China recently adopted new amendments to the PRC Company Law. They took effect on March 1, 2014. The amendments eliminate the minimum capital requirements and ease statutory procedures for company establishment. How the amendments will be put into practice will be known when the implementing rules are published.
Minimum Registered Capital
The amendments will remove the minimum registered capital requirements, which are, under prior law, RMB 30,000 for most limited liability companies and RMB 5,000,000 for joint stock limited companies. Thus, investors may determine the registered capital of companies solely based on their business objectives and arrangements, except for companies subject to minimum registered capital requirements imposed by any other applicable law.
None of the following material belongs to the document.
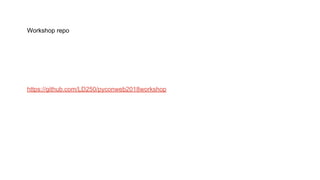 Workshop repo
https://github.com/LD250/pyconweb2018workshop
For instance, a company in the value-added telecom service industry will have to comply with the minimum registered capital requirement of no less than RMB 1 million under the rules of the State Council.
The amendments will eliminate the requirement that no less than 30 percent of the registered capital of a limited liability company be cash. Investors may make 100 percent of their capital contribution in non-cash assets such as intellectual property or land use rights. However, it remains to be seen whether this is more than a theoretical possibility, as the implementing rules may include some minimum ratio of cash to non-cash contribution.
Record and Timing of Capital Contribution
Under the amendments, companies are no longer required to register the amount of paid-up capital with the Company Registry maintained by the local Administration of Industry and Commerce and need only record the amount in the company’s shareholder registry.
Currently companies can only register payment of registered capital after an accounting firm has verified that payment has in fact been paid. With the elimination of the registration requirements, companies no longer have to have accountant’s verification report.
Under the amendments, shareholders need not pay the first installment of their capital contribution, which is 20 percent of the registered capital, upon registration, as prior law required. Therefore, investors may not need to make immediate capital contributions at the time companies are established. Before the amendments, the Company Law required full payment of capital contributions within two years for a non-holding company (five years for a holding company) after the establishment of the company. This is no longer required.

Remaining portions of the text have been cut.